Нина Николаевна вскидывалась:
– Да что ты все: отмаялся, отмаялся!.. Это повторялось изо дня в день.
У Василия Ивановича было только одно слово:
– Отмаялся.
В 1942-м Никритина с актерской бригадой Большого драматического театра отправилась на Московский фронт. Как-то бригада заночевала в деревне, только что оставленной немцами.
Неожиданно старая крестьянка сказала:
– Туто у нас немцы стояли. С ними один наш был. Переводчиком, стало. Молоденький такой, белобрысенький. Уходя, значится, он попросил меня: «Скажите, мол, нашим, когда придут с освобождением, что я, мол, живой. Я, мол, сын очень знаменитого в России артиста. Имя ему: Качалов. Пусть, мол, наши скажут об том моим родителям. Меня, мол, увели с собой немцы».
Это и сделала Никритина. Разумеется, немедленно. Вот и не отмаялся Дима.
Нина Николаевна умерла в 1956 году «у Ганнушкина». Это старинный московский сумасшедший дом. Незадолго до смерти «у Ганнушкина» в нервном отделении находился и Есенин.
Ольга Пыжова с дочкой, с Ольгушей, воспитанной в доме Качаловых, навестила Нину Николаевну.
Легенда называет Ольгушу дочерью Качалова. Это вздор, это чепуха.
У Литовцевой в последние годы вырос горбик. Еще резче она хромала. И словно усохла вся. И стала желтая, как березовый увядший лист, пролежавший не один год в толстой книге.
Увидав Ольгу и Ольгушу, Нина Николаевна кинулась к ним. Обцеловала Ольгушу, ставшую крупной красивой женщиной. Обняла Ольгу. Прильнула усохшим листиком головы к ее груди. И горестно заплакала. И стала умолять:
– Оля, возьми меня отсюда! Увези меня отсюда! Увези! Здесь страшно. Это сумасшедший дом. А я нормальная. Совершенно нормальная.
А через минуту она уже не узнавала Пыжову.
– Это же Ольга. Это моя мама, Ольга Пыжова. Ольга Ивановна! – испуганно повторяла Ольгуша.

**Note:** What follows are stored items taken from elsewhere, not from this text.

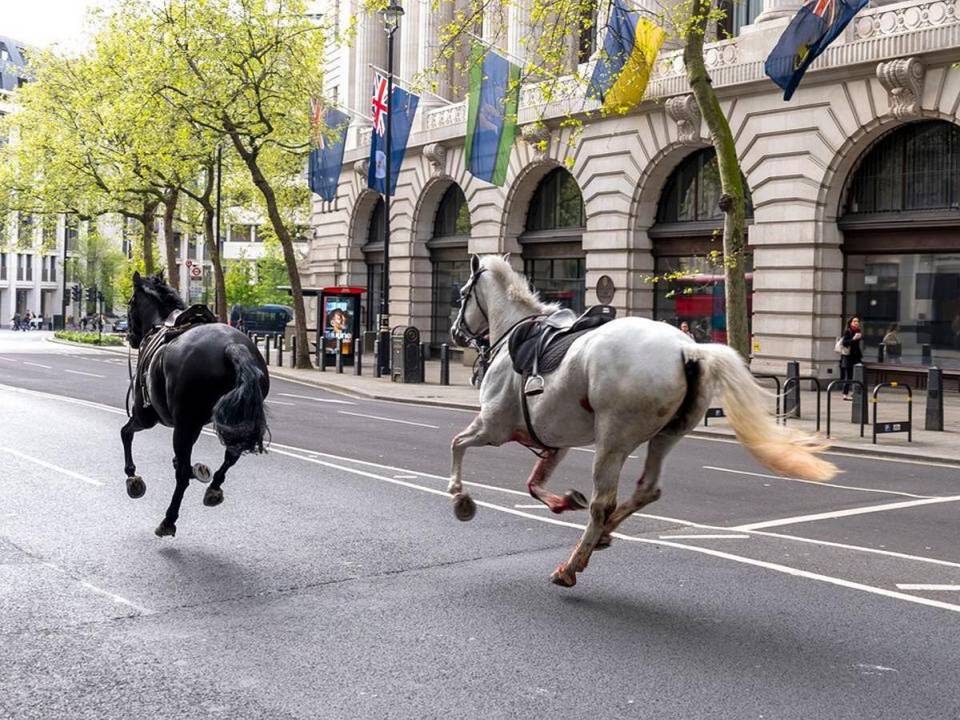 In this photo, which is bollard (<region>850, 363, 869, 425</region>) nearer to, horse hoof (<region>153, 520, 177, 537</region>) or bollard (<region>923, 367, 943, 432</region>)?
bollard (<region>923, 367, 943, 432</region>)

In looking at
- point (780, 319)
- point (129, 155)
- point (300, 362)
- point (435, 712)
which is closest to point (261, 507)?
point (435, 712)

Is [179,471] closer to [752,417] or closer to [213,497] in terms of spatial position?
[213,497]

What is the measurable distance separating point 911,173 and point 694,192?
7125 millimetres

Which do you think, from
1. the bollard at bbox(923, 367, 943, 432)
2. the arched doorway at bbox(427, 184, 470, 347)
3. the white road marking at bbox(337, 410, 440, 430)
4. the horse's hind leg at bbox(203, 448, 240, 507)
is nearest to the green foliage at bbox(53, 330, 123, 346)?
the arched doorway at bbox(427, 184, 470, 347)

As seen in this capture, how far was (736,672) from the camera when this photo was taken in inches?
233

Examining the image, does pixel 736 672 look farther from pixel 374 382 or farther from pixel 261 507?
pixel 374 382

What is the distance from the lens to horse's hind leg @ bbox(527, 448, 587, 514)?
832cm

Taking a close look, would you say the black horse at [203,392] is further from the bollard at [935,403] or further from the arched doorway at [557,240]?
the arched doorway at [557,240]

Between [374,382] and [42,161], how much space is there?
2587cm

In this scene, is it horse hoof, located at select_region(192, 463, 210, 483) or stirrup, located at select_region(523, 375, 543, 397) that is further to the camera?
horse hoof, located at select_region(192, 463, 210, 483)

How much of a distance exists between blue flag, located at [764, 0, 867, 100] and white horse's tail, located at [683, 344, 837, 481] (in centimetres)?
1720

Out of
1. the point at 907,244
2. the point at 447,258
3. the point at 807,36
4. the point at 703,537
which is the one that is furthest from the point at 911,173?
the point at 447,258

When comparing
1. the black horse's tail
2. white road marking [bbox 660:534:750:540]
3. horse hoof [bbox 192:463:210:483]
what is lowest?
white road marking [bbox 660:534:750:540]

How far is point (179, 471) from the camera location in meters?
9.30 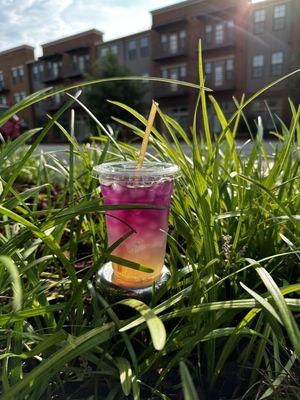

– Кто?.. Пыжова?.. Ольга Пыжова?..
И глаза у Нины Николаевны налились кровью, пальцы скрючились, ногти превратились в когти злой птицы, и она закаркала, махая руками, как большими крыльями:
– Зло!.. Зло!.. Пыжова мне сделала много зла!.. Зла!..
Я молюсь словами Пушкина:
Не дай мне Бог сойти с ума,Нет, легче посох и сума.